→ What you need to do
Please start at the first line of the records beneath and quote each line exactly, ending with the line containing "theiere-vintage-femme-robe-epoque".

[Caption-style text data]

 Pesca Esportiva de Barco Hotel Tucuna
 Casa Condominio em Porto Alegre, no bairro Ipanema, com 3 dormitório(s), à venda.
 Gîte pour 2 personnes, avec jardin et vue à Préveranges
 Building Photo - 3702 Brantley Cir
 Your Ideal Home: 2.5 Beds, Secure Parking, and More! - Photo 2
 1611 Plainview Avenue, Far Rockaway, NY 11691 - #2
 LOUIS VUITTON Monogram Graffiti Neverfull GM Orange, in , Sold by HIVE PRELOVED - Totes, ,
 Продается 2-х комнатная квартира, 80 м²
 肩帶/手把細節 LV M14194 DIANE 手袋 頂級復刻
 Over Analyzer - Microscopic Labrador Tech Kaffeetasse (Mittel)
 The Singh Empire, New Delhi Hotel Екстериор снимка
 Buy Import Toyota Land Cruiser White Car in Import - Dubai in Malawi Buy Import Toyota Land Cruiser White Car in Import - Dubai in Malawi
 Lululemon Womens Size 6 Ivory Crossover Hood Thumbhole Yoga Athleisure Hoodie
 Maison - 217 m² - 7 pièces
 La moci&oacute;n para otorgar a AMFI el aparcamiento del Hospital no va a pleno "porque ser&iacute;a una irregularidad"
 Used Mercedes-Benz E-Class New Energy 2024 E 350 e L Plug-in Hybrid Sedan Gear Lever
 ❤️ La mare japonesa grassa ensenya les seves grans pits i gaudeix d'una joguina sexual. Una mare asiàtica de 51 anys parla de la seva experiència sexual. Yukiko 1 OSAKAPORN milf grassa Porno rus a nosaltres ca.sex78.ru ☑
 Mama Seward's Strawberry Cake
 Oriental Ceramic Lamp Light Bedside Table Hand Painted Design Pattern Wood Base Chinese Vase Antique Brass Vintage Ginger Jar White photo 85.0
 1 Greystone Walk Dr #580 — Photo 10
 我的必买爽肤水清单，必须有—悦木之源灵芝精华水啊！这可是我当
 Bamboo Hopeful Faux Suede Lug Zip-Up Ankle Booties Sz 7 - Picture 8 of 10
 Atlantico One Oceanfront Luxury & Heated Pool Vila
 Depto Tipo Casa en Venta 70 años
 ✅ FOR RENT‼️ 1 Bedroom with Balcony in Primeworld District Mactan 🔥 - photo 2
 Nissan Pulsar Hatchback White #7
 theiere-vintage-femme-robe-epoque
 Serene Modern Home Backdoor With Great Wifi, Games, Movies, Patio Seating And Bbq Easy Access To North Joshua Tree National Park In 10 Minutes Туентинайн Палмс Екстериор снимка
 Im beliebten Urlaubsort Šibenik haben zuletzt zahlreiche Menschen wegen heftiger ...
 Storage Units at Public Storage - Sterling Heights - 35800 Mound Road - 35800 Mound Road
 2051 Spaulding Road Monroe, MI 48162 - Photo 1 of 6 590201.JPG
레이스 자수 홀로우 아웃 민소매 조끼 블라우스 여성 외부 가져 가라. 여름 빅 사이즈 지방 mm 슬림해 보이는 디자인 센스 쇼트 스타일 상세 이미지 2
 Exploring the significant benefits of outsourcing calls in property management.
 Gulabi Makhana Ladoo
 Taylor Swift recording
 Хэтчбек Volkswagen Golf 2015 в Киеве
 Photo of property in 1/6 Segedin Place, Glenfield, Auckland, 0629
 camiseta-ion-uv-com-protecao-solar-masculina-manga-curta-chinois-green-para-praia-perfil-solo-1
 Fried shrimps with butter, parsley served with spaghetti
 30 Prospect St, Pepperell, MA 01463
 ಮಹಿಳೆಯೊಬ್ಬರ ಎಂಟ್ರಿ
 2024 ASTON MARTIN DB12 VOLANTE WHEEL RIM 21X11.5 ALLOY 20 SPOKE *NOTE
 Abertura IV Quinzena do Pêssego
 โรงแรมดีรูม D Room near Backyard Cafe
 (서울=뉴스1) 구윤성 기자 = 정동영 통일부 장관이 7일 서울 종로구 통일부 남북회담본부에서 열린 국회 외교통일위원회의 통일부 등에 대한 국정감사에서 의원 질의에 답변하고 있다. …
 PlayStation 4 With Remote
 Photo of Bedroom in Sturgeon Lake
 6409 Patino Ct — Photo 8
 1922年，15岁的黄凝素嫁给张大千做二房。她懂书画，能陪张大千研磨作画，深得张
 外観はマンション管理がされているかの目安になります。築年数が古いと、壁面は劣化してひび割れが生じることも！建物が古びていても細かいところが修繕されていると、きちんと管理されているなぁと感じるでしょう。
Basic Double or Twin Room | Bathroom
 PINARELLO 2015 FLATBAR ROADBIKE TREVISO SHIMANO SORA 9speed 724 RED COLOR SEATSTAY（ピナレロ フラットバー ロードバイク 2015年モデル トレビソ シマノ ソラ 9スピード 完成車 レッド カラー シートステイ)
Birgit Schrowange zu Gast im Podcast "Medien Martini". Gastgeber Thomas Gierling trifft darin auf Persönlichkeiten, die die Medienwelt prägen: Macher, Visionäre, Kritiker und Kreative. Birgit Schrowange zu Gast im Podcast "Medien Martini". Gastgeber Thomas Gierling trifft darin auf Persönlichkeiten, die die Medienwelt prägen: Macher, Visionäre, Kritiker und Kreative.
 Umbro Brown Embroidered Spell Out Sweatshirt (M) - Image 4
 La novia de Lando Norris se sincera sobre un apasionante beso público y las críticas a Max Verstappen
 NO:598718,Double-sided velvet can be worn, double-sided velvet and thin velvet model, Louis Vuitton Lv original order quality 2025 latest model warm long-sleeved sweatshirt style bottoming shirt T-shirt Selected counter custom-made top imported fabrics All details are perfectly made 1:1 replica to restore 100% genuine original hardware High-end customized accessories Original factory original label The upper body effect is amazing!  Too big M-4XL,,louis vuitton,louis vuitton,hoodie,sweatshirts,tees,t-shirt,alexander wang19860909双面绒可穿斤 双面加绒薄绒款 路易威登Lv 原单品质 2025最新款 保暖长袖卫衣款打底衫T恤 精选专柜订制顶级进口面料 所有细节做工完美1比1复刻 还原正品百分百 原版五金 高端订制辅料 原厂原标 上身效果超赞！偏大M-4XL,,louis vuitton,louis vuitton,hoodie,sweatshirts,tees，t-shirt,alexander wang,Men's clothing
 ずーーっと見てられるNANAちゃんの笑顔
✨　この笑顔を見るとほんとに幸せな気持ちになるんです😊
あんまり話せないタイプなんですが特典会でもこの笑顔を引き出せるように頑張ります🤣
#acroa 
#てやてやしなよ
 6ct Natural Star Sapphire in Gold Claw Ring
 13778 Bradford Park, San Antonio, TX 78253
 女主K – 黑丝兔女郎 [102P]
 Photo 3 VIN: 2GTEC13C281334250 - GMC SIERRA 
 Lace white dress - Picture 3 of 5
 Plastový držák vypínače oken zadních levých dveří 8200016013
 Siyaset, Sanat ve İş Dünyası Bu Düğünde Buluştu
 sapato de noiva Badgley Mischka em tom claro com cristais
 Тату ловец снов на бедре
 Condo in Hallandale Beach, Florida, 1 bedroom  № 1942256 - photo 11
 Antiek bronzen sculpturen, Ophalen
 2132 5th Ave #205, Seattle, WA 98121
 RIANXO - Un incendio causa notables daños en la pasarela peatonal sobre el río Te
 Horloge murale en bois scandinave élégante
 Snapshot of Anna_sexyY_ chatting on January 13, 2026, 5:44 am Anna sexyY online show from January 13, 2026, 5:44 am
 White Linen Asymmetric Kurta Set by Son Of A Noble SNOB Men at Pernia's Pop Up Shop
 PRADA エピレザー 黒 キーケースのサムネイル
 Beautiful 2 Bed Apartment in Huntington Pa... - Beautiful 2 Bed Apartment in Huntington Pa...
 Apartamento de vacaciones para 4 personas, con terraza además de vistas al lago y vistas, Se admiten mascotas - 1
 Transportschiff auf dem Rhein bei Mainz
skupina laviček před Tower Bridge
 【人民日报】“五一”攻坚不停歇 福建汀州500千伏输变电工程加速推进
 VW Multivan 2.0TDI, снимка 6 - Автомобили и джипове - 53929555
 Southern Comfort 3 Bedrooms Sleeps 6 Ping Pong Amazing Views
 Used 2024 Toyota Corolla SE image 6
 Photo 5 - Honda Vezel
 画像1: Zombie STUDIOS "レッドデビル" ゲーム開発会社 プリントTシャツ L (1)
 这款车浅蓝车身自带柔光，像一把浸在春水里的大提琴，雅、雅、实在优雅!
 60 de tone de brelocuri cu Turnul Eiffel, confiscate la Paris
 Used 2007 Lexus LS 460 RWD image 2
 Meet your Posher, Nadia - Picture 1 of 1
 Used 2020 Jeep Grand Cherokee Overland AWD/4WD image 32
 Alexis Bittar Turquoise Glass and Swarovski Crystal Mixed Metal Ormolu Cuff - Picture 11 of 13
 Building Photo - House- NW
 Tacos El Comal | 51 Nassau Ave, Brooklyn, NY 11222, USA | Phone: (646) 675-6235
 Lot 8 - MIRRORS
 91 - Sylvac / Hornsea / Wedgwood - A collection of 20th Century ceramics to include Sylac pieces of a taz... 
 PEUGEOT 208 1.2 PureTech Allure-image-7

→ Answer space
 Pesca Esportiva de Barco Hotel Tucuna
 Casa Condominio em Porto Alegre, no bairro Ipanema, com 3 dormitório(s), à venda.
 Gîte pour 2 personnes, avec jardin et vue à Préveranges
 Building Photo - 3702 Brantley Cir
 Your Ideal Home: 2.5 Beds, Secure Parking, and More! - Photo 2
 1611 Plainview Avenue, Far Rockaway, NY 11691 - #2
 LOUIS VUITTON Monogram Graffiti Neverfull GM Orange, in , Sold by HIVE PRELOVED - Totes, ,
 Продается 2-х комнатная квартира, 80 м²
 肩帶/手把細節 LV M14194 DIANE 手袋 頂級復刻
 Over Analyzer - Microscopic Labrador Tech Kaffeetasse (Mittel)
 The Singh Empire, New Delhi Hotel Екстериор снимка
 Buy Import Toyota Land Cruiser White Car in Import - Dubai in Malawi Buy Import Toyota Land Cruiser White Car in Import - Dubai in Malawi
 Lululemon Womens Size 6 Ivory Crossover Hood Thumbhole Yoga Athleisure Hoodie
 Maison - 217 m² - 7 pièces
 La moci&oacute;n para otorgar a AMFI el aparcamiento del Hospital no va a pleno "porque ser&iacute;a una irregularidad"
 Used Mercedes-Benz E-Class New Energy 2024 E 350 e L Plug-in Hybrid Sedan Gear Lever
 ❤️ La mare japonesa grassa ensenya les seves grans pits i gaudeix d'una joguina sexual. Una mare asiàtica de 51 anys parla de la seva experiència sexual. Yukiko 1 OSAKAPORN milf grassa Porno rus a nosaltres ca.sex78.ru ☑
 Mama Seward's Strawberry Cake
 Oriental Ceramic Lamp Light Bedside Table Hand Painted Design Pattern Wood Base Chinese Vase Antique Brass Vintage Ginger Jar White photo 85.0
 1 Greystone Walk Dr #580 — Photo 10
 我的必买爽肤水清单，必须有—悦木之源灵芝精华水啊！这可是我当
 Bamboo Hopeful Faux Suede Lug Zip-Up Ankle Booties Sz 7 - Picture 8 of 10
 Atlantico One Oceanfront Luxury & Heated Pool Vila
 Depto Tipo Casa en Venta 70 años
 ✅ FOR RENT‼️ 1 Bedroom with Balcony in Primeworld District Mactan 🔥 - photo 2
 Nissan Pulsar Hatchback White #7
 theiere-vintage-femme-robe-epoque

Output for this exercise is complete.